Police warn students over bus terminal brawl
Students from Saint Joseph’s College and Leifiifi College involved in a brawl at the Savalalo Bus terminal on Tuesday have been warned by the Police.
This was confirmed by the Principal of Leifiifi College, Sifuiva Malaea Lauano, during an interview with the Samoa Observer.
On Tuesday afternoon, more than 20 Police officers were called to the Savalalo bus terminal after a brawl broke out between the students.
Several students from both schools were taken into Police custody, some after they were chased down by Police.
Ms. Lauano added that no students from both schools will be expelled because there were no arrests.
“There were three students of our school that were taken into police custody on the day of the incident,” she said.
She added that both schools are working to establish what started the brawl and come up with a solution.
“At the moment we do not know the reason behind the fight," she said.
"Our students explained that they do not know why they were beaten up by Saint Joseph’s College students.

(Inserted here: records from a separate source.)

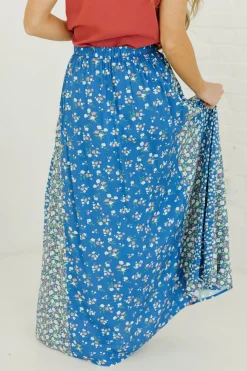 Aemi & Co. Skirts<Jude Skirt-Cobalt Floral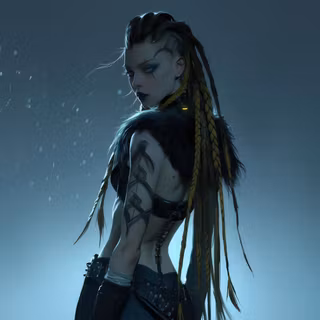 Dark Girl Artwork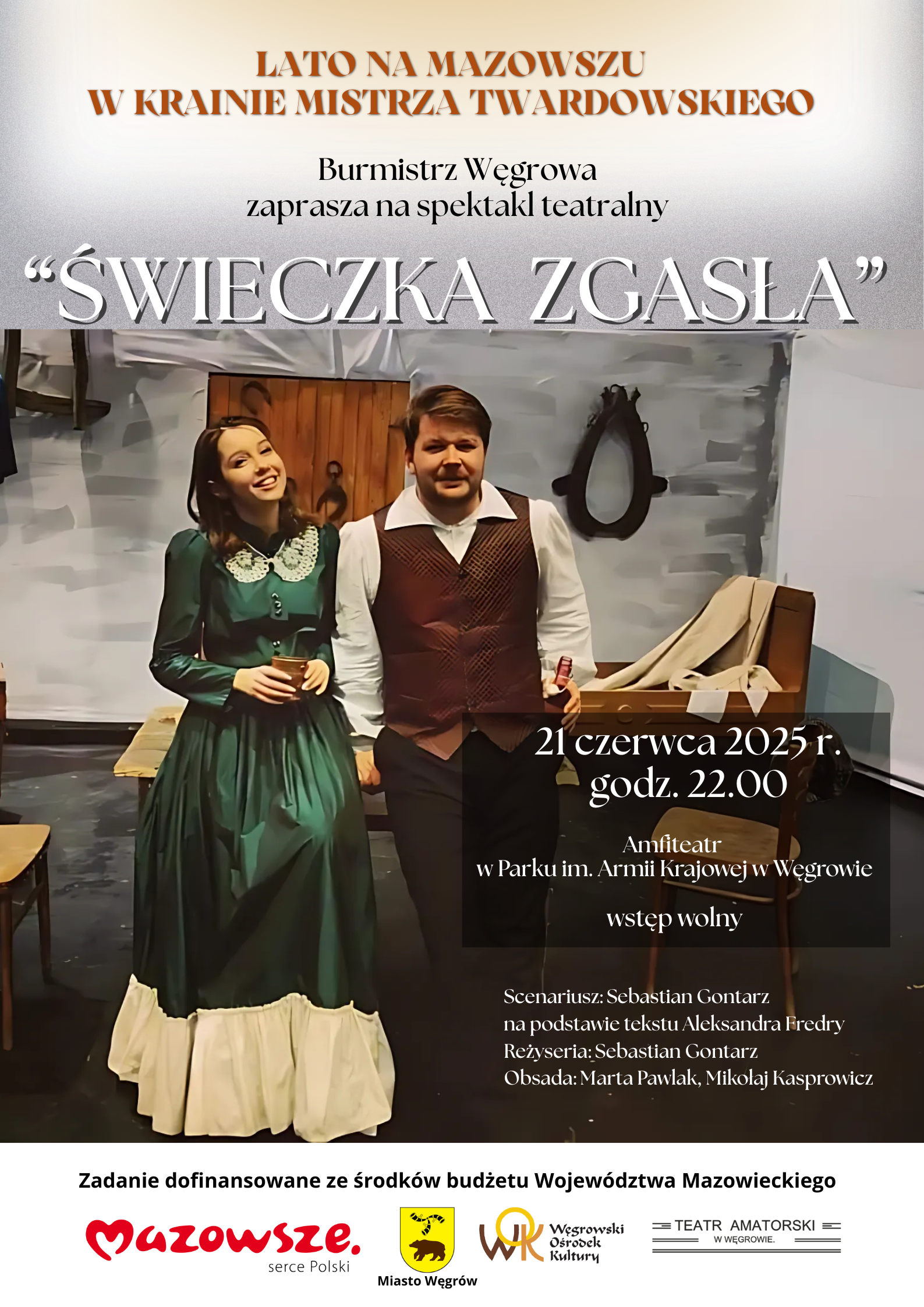 Plakat świeczka zgasła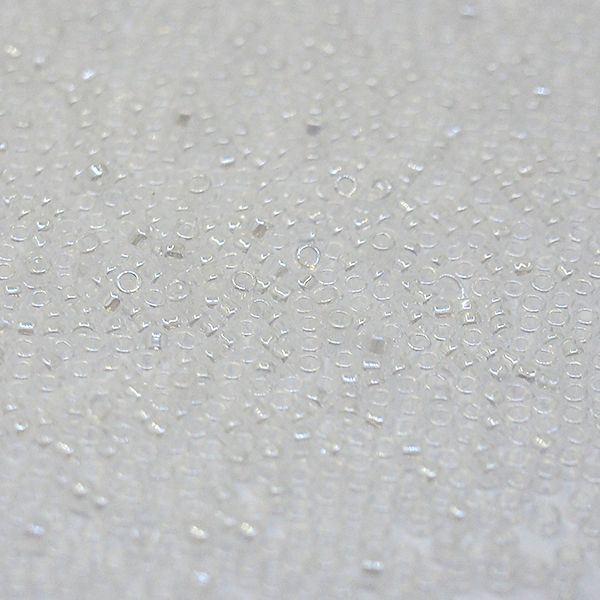 Бисер круглый 15/0 #0141 Цейлон, снег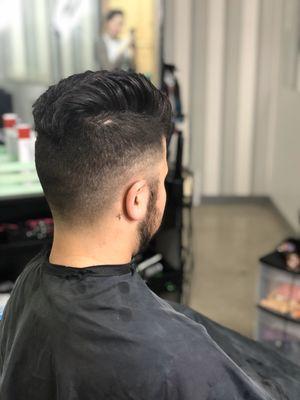 Skin fade and style.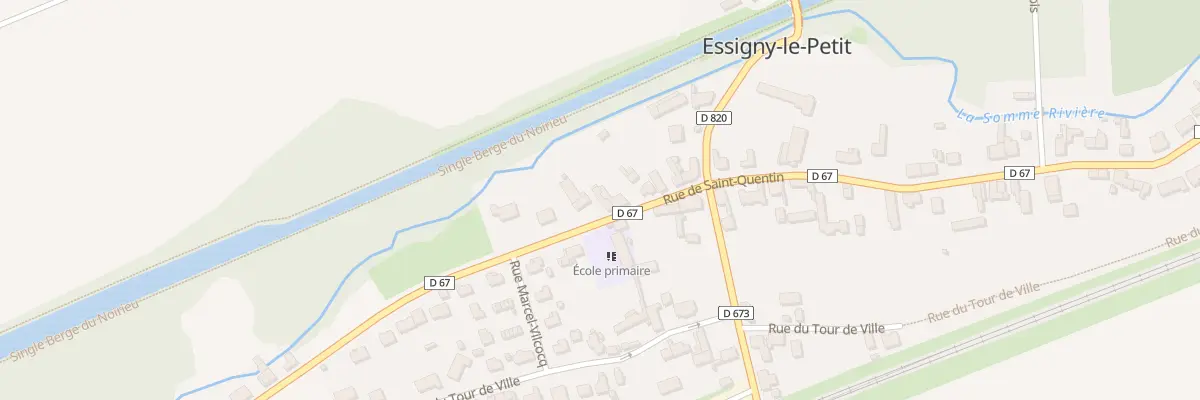 Plan du 730 Rue de St Quentin à Essigny-le-Petit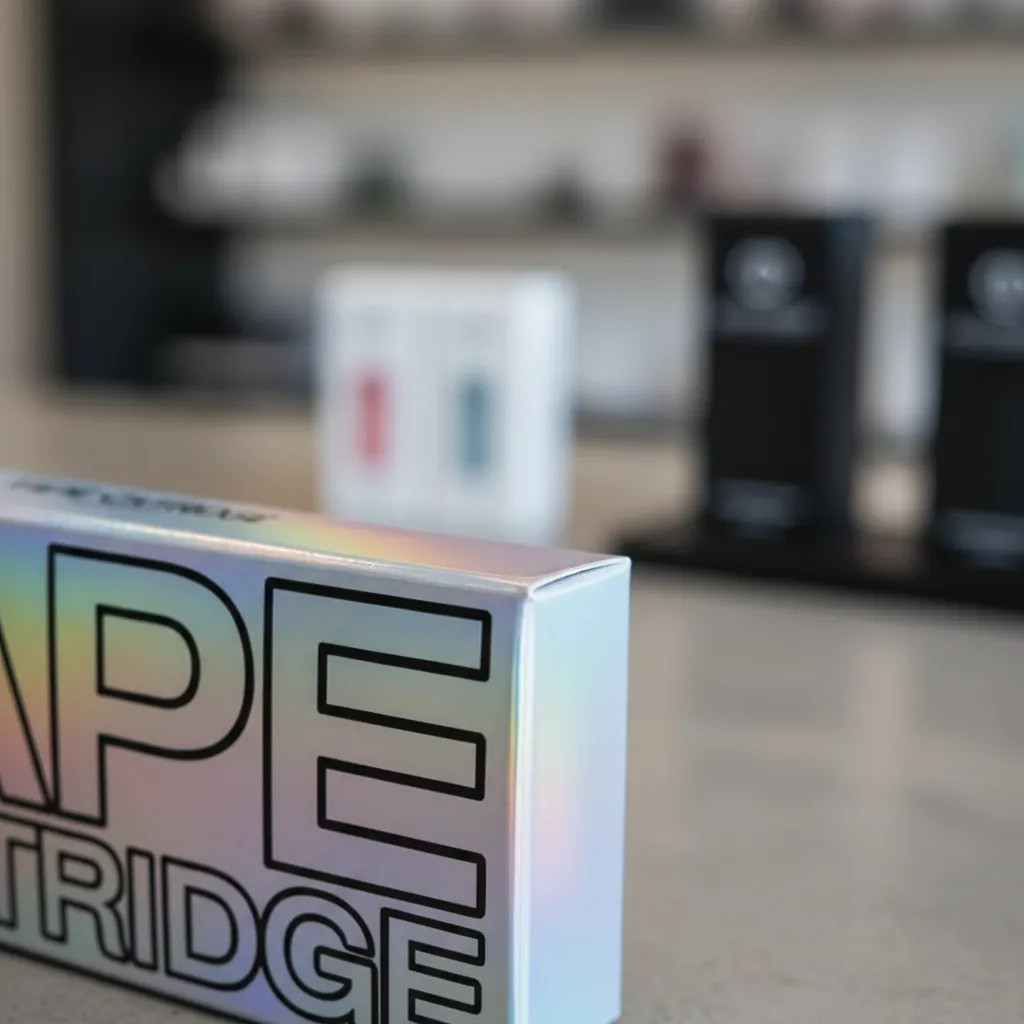 Custom Holographic Vape Cartridge Display Box 2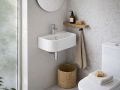 Lavabo mural ou à poser 44,5 cm blanc brillant KOROPI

The priority for both schools is to make sure no harm will befall on the students. The police also told us that students were taken in for statements.
“The teachers will be in town monitoring the students that is an extra load on our shoulders but we already have so much to catch up with student’s lessons.”

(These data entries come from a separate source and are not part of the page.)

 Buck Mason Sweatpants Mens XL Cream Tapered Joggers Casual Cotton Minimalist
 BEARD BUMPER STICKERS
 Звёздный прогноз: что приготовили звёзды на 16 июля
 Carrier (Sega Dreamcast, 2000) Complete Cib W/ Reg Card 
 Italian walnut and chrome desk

The Principal of Saint Joseph's College, Susitina Maletino Levao, expressed her disappointment over the incident.
Ms. Levao told the Samoa Observer that there will be no students expelled without a police report indicating their involvement.

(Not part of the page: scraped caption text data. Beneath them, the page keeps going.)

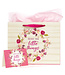 Christian Art Gifts Enjoy The Little Things Large Gift Bag Set in Berry Hues with Card and Tissue Paper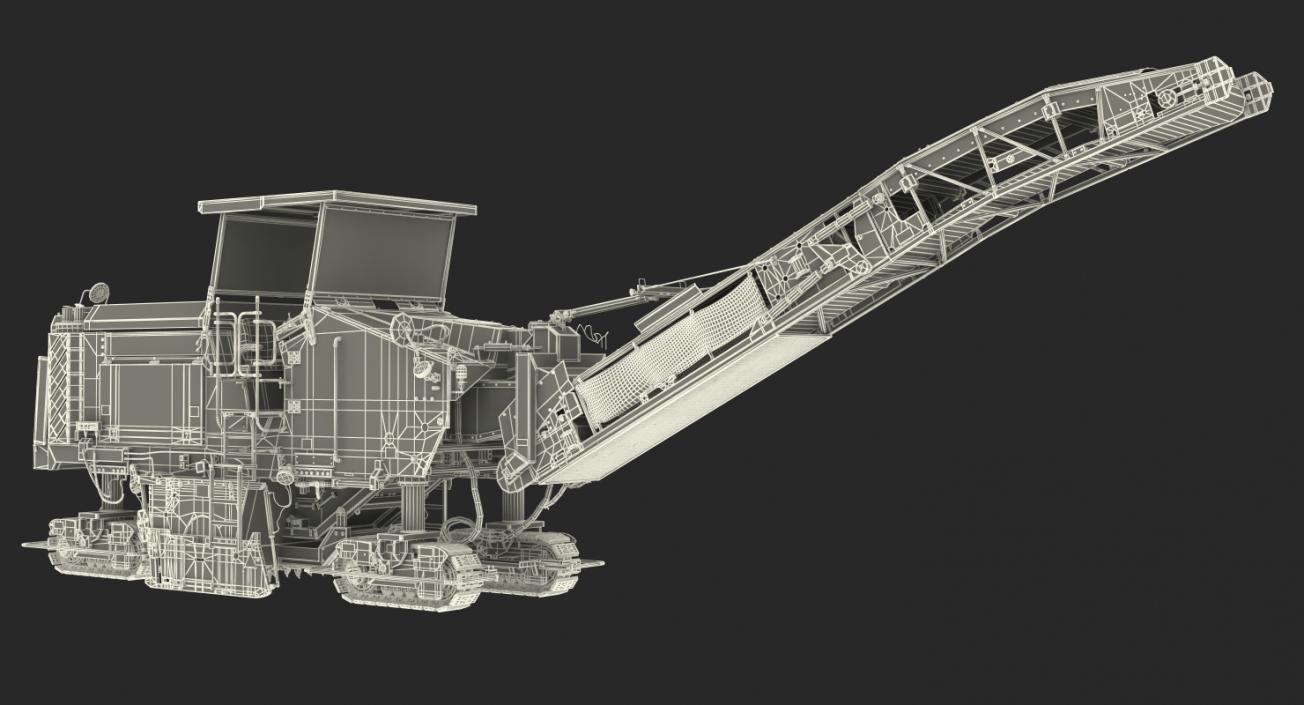 Road Machinery Rigged Collection 3D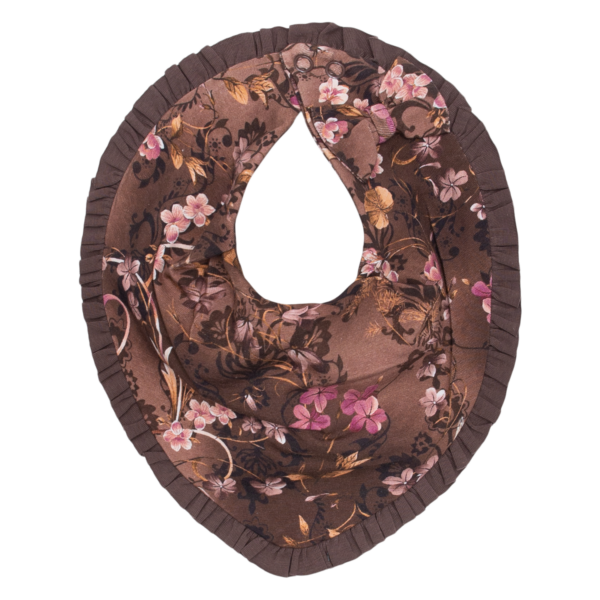 autumn frill droll | AW21 Brown romance Ally savlesmæk med flæse og sløjfe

“I would like to make things clear that the majority of our students that were taken into police custody for statements or police was trying to get information from them as to what happened,” she said.
She added that on Tuesday night when students were in police custody, one of their teachers was at the police station and spoke with the police officers.
“One of my disciplinarians [teachers] informed me that no student had been charged but the only advice from police is for the school principals to discuss ways to solve these disagreements between the students.
“The Police officers were looking for information and I told my students that if you stand where an incident occurs then you are part of that event even if you were only watching.
“This is not a good time for students to get involved in fights because schools are given limited time to do lessons and plus we all have so much to catch up in terms of the curriculum after many times schools were closed.”
Furthermore, she added that even if the last resort is permanent dismissal of students from school, but the question is, where these students will go to have an education because some youths will resort to committing crimes after leaving school.
“It is also never a good feeling to let go of students. We are not pointing fingers but we are still trying to find out what really happened.
“School fights are not new to us principals, I truly believe that not all students are bad but also there are small groups of students that make bad decisions but we are trying our best to offer advices.
“Some may say that teachers are not disciplining the students enough but we cannot do this because there are rules that prohibit teachers from hurting or inflicting harm on students as a disciplinary measure.”
She also mentioned that their school believes in not using discouraging words for students.
“If we use strong discouraging words on the students then it could also hurt them emotionally which could make things worse and stir anger within them.
“I think that the majority of us principals and teachers always advise the students that the reality is that if you do not have a degree, you cannot access a good job.
“I always challenge the students that if they do not want to be cleaners or work out in the hot sun every day then prioritise their education and respect their elders.”
She also acknowledged some parents that have approached their office.
“The same message that both myself and Leififi College’s principal always convey is that no one tells the students to start brawls.
“It is very difficult for some students to absorb good advices while others simply do not care. But I am also telling the truth that some parents cannot control their children and then we do our part to try and help.
“My advice is that if parents prioritise their children’s future then we should work together for that common goal.”
Attempts to attain comments via email and phone calls from Police were unsuccessful.